For many Americans, this election is symptomatic of an obsolete electoral system.
"Experts claim it all has to do with Ohio, frankly," Gerber says. "I don’t think Romney would have a chance without Ohio. I hate to say this, but I think it probably will all come down to Ohio - forget the rest of the country… It’s kind of sad, but that’s what you get when you try to run a democracy today with a constitution written in the late 18th century."
For now, though, both sides keenly focused on wringing some new from the old system.
Can you feel it getting down to the wire?
Ironically, while massive enthusiasm may be lacking, this election may be as tight or even tighter than the one in 2000, when George W. Bush lost the popular vote to then-Vice President Al Gore but still secured the White House with a razor thin majority of 271 in the electoral college.

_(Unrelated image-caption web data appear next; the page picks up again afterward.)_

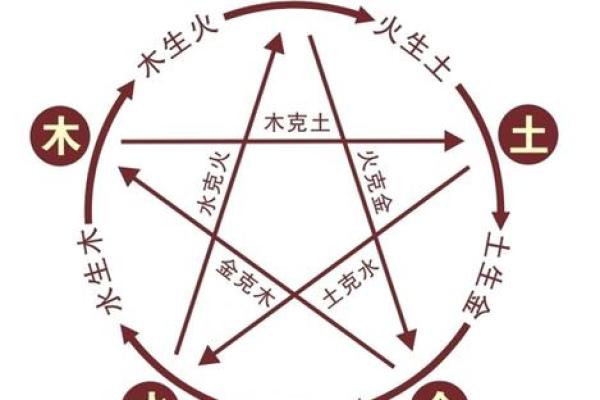 男土命与女金命的完美结合:命理中的和谐美学 男土命与女金命的完美结合:命理中的和谐美学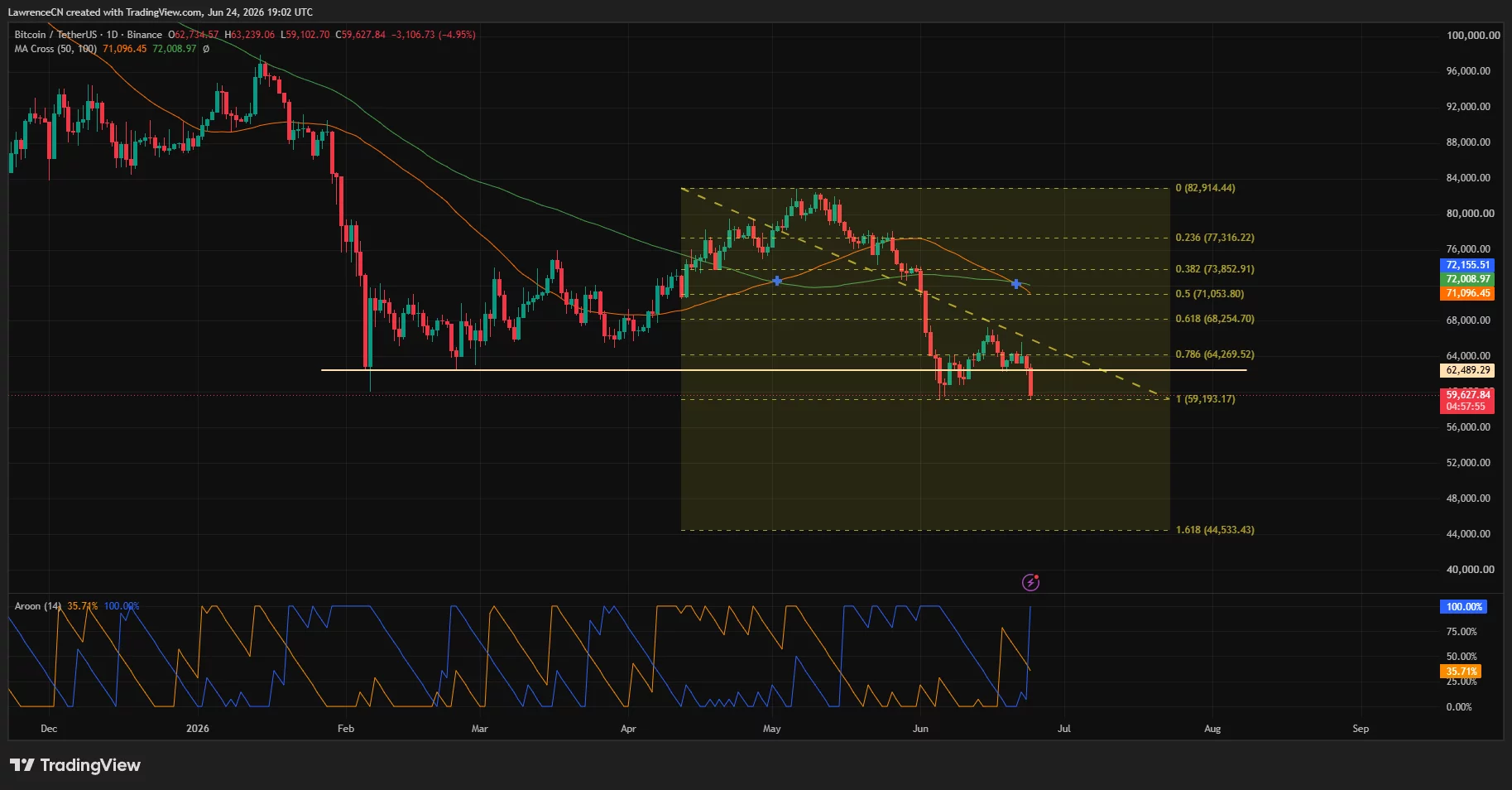 Bitcoin price breaks below $60K support, can bulls prevent a deeper crash?  image 0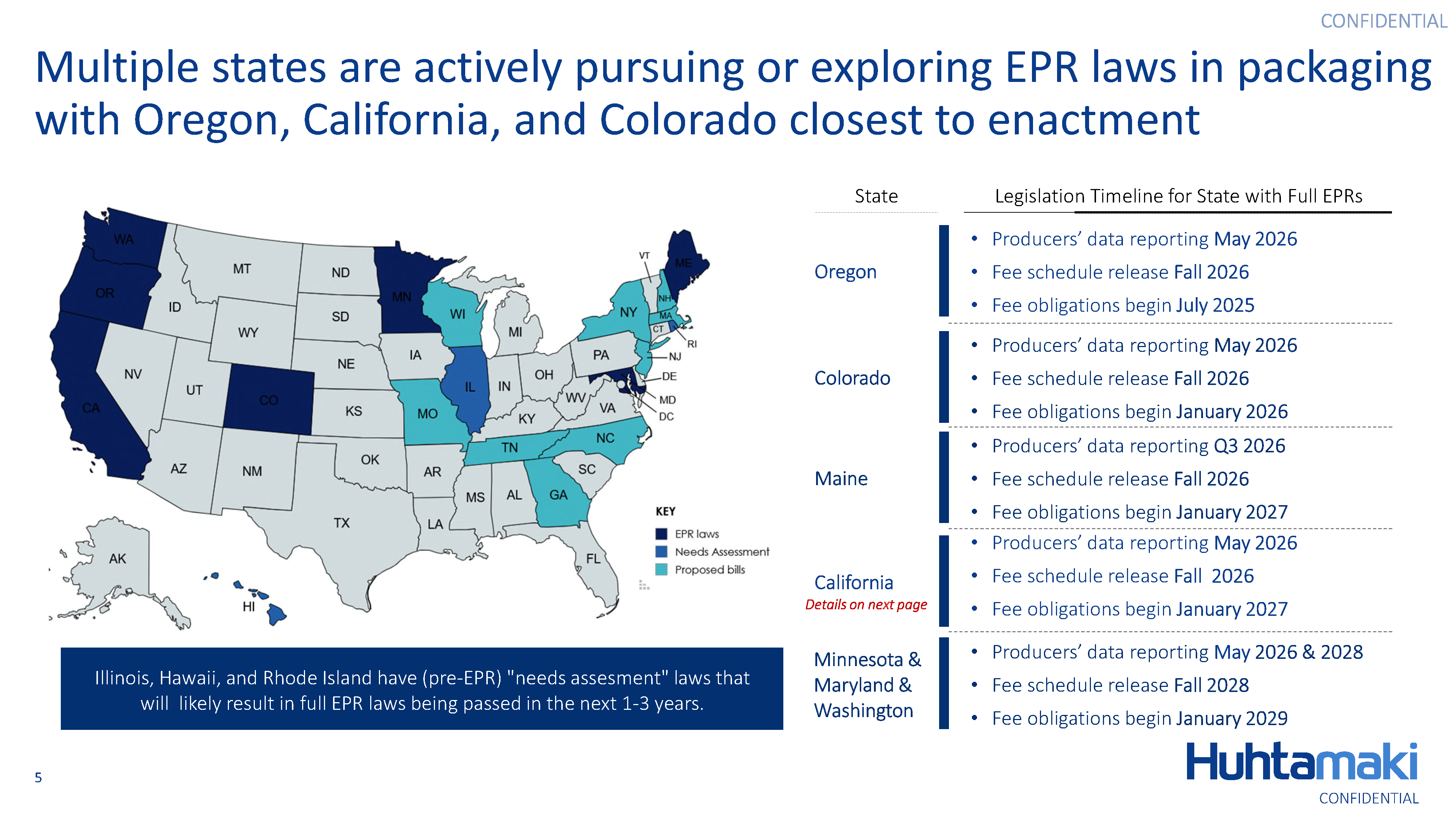 Multiple states are actively pursuing or exploring EPR laws in packaging with Oregon, California, and Colorado closest to enactment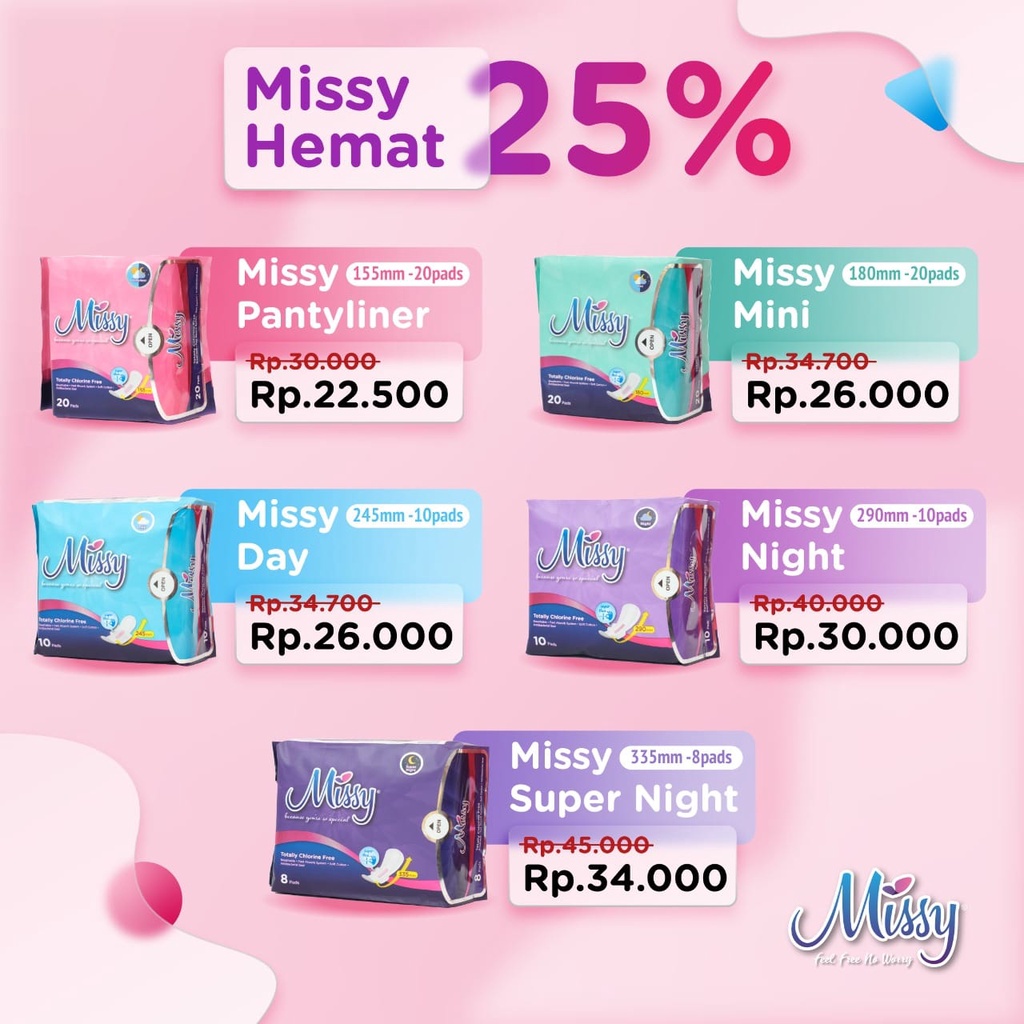 Softex Pembalut / Softex Missy / Pantyliner / Mini / Day / Night / Super Night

Neither side has forgotten the drama or the lessons from that vote. Both Democrats and Republicans are doing everything they can in the final days of the campaign to ensure that their supporters actually cast their ballots.
That includes political organizations like Democrats Abroad, who target group is Americans who live overseas. They, too, are taking a pragmatic approach in which the only thing that ultimately counts is the magic number 270.
"Our telephone banking lists are arranged according to the swing states," Gerber tells me. "We’ve also had tables out all over Berlin trying to register people to vote. People we see here, though, have nothing branded on their foreheads about which state they come from. I wish they did."
In a race like this one, it’s not inconceivable that some of the 900 or so ballots from expatriates in German capital could tip the balance - in Ohio or elsewhere.
In any case, win or lose, the Berlin chapter of Democrats Abroad will be holding their quadrennial party on "the first Tuesday after the first Monday in November." That’s the date on which America’s 223-year-old constitution decrees that the people are to elect their executive leader.